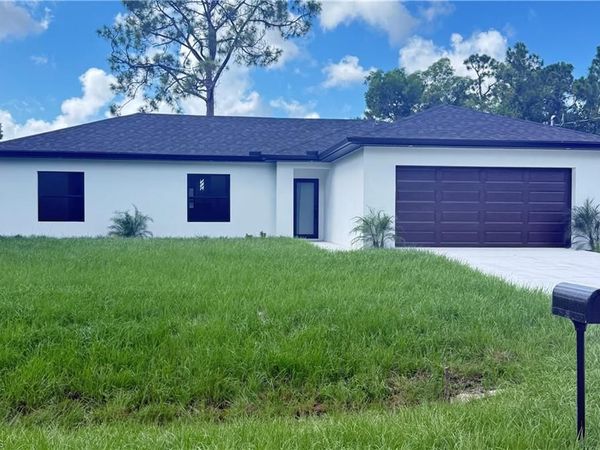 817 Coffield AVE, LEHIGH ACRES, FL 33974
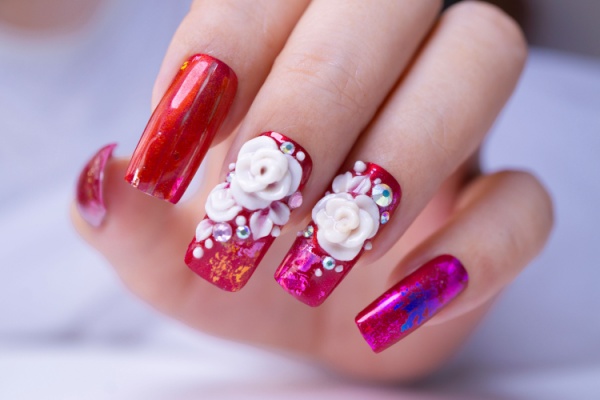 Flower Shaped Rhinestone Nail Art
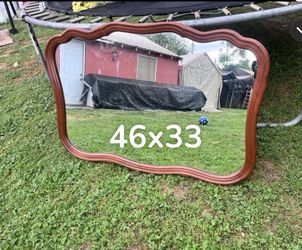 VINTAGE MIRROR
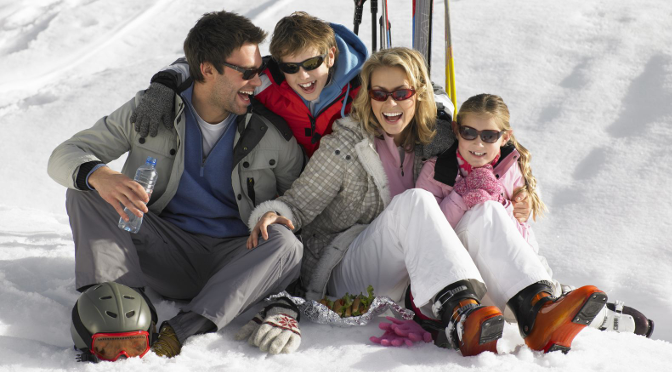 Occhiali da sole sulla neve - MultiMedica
* * *
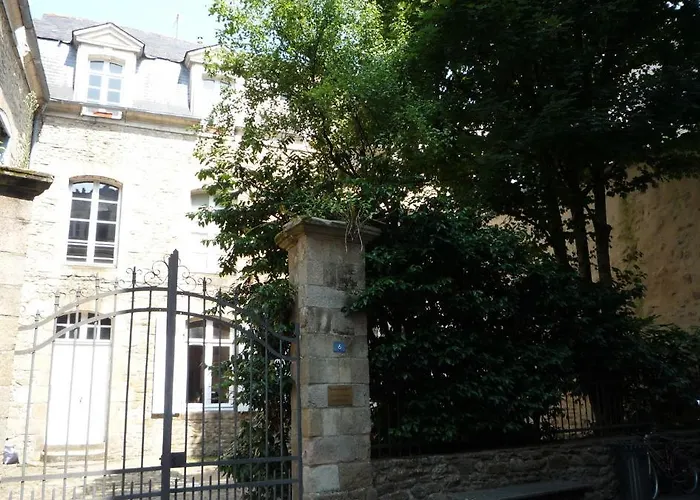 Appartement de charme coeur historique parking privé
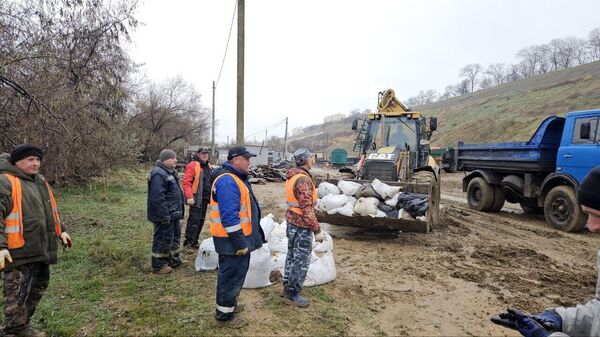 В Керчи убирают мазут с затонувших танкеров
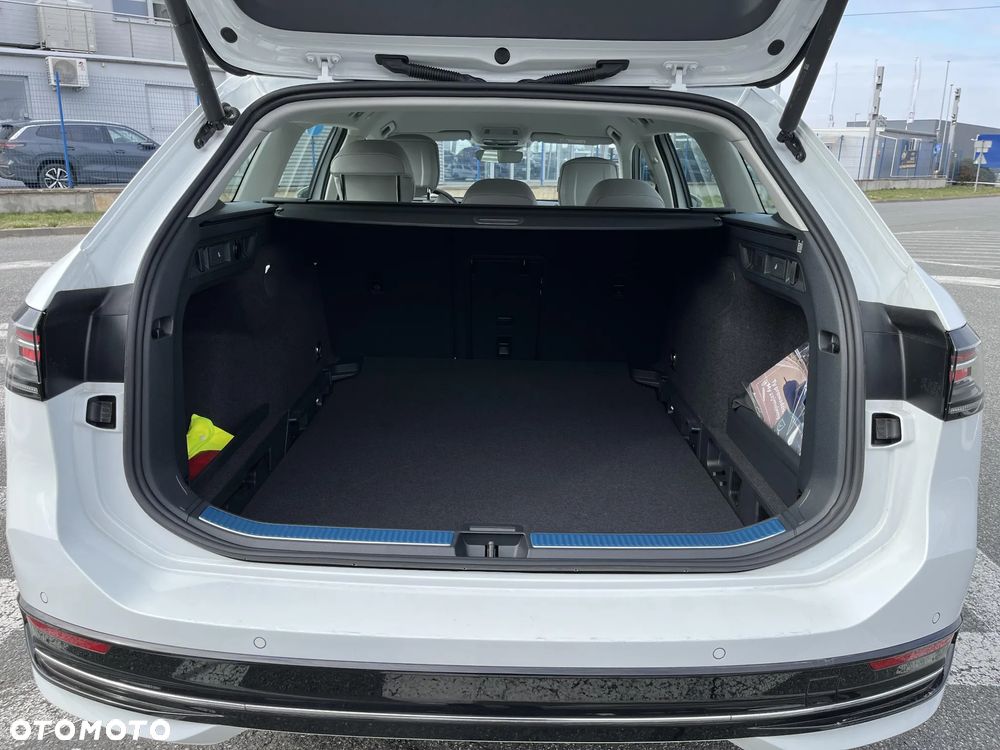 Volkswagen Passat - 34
--
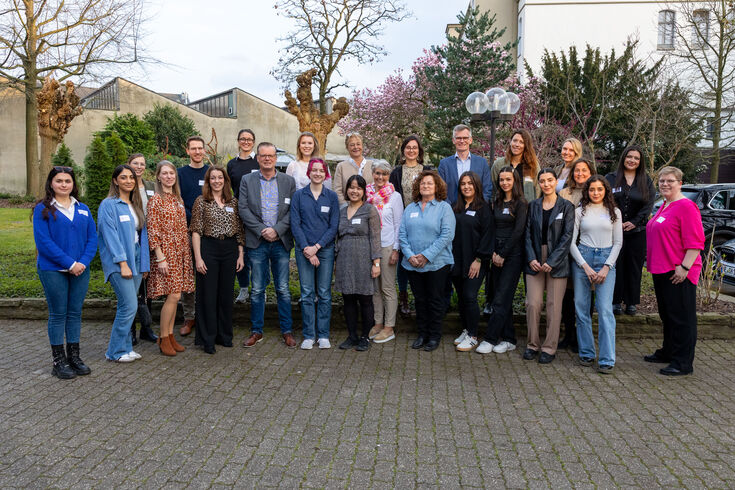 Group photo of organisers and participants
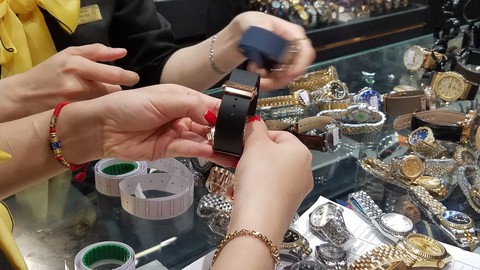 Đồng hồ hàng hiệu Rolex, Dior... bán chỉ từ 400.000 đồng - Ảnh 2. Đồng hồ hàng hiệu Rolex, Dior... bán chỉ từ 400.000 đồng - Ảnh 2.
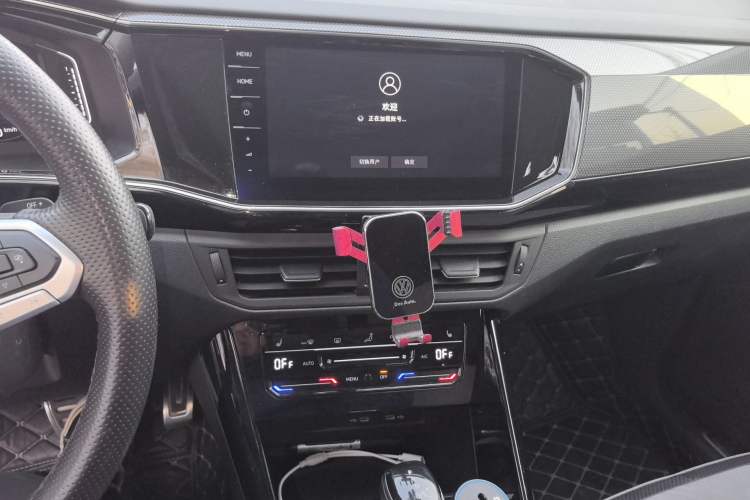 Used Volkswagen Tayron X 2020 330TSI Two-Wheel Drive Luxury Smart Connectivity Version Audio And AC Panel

### What the task requires
Using the records above, print exactly the run of lines that starts with the line with "Flower Shaped Rhinestone Nail Art" and goes on through the line with "Occhiali da sole sulla neve - MultiMedica", pictures excluded.

### Response area
 Flower Shaped Rhinestone Nail Art
 VINTAGE MIRROR
 Occhiali da sole sulla neve - MultiMedica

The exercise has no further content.